Analysis of trend indicator samples

The results of the MK test for 137Cs activity (Bq kg−1 dry wt.) in trend indicator samples such as grass, leaves, soil, and sediment are outlined in Table 5. The detailed analysis revealed a decreasing trend in grass samples (z < − 1.96 and p < 0.05), whereas no significant trend was detected in leaf, soil, and sediment matrices (|z|< 1.96 and p > 0.05). The plots of annual average values of 137Cs activity concentration are shown in Fig. 7.

Table 5 Results of MK test for 137Cs activity in trend indicating samples
Fig. 7
figure 7

Annual mean activity concentration of 137Cs in trend indicator samples

The levels of 137Cs activity in sediment samples exhibited higher values in recent years. As 134Cs was not observed in downstream water bodies, the source of 137Cs activity in sediment is fallout origin only. Kaiga being a tropical forest area getting heavy rainfall with an annual mean of 3700 mm, physical processes, such as erosion could be the major cause of the redistribution of 137Cs in soils and its movement from soil to reservoir sediment. The hilly topography of this region may also contribute to the soil erosion process. Therefore, the observed activity buildup in sediment or redistribution of activity in soil is likely due to natural phenomena, specifically soil erosion. It is concluded that this trend has occurred due to natural phenomena altering the natural levels of radioactivity, rather than the effect of KGS operations. The 90Sr activity was found to be below MDA (0.5 Bq kg−1) in the grass, leaf, soil, and sediment samples and as a result, the trend analysis was not performed for 90Sr activity in these matrices.

Conclusions

In conclusion, the analysis of environmental radioactivity data (2005–2020) collected around KGS revealed significant insights. The outcomes from the long-term trend analysis, statistically carried out using the Mann–Kendall test, indicated either a decreasing trend or no trend in activity levels across aquatic, atmospheric, and terrestrial matrices. Trace levels of 3H were observed in the atmospheric and aquatic environment.
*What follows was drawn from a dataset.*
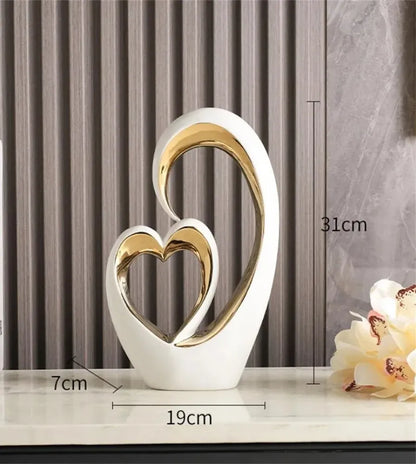 Decorative sculpture of two interlocking hearts with measurements on a neutral background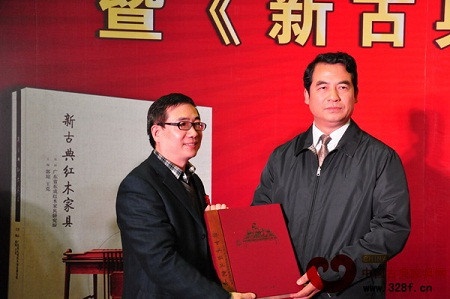 中国林业产业联合会秘书长、中国林产工业协会执行会长王满(右)向华南农业大学林学院代表赠书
The observed activity levels were much less than the acceptable derived limits prescribed by the atomic energy regulatory body. According to MK test, there was evidence suggesting a decreasing trend in the various zones at 5% significance level.
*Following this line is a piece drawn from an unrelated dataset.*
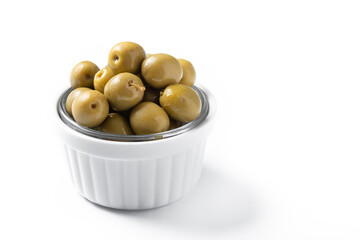 Green olives in white bowl isolated on white background. Copy space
In the case of 137Cs activity, it was detected in some dietary components. However, the observed levels were solely attributed to natural fallout origins. Notably, 137Cs activity exhibited a decreasing trend in the cereals and grass samples. However, no significant trend was detected for 137Cs activity in milk, fish, leaf, soil, and sediment samples. Furthermore, the 90Sr activity remained below detection levels across all the matrices studied. These comprehensive findings confirm that no significant radioactivity material was released from KGS during the study period and there is no accumulation of radioactivity in the surrounding environment. The study provides substantial evidence affirming the safety of both the local public and the surrounding ecosystem.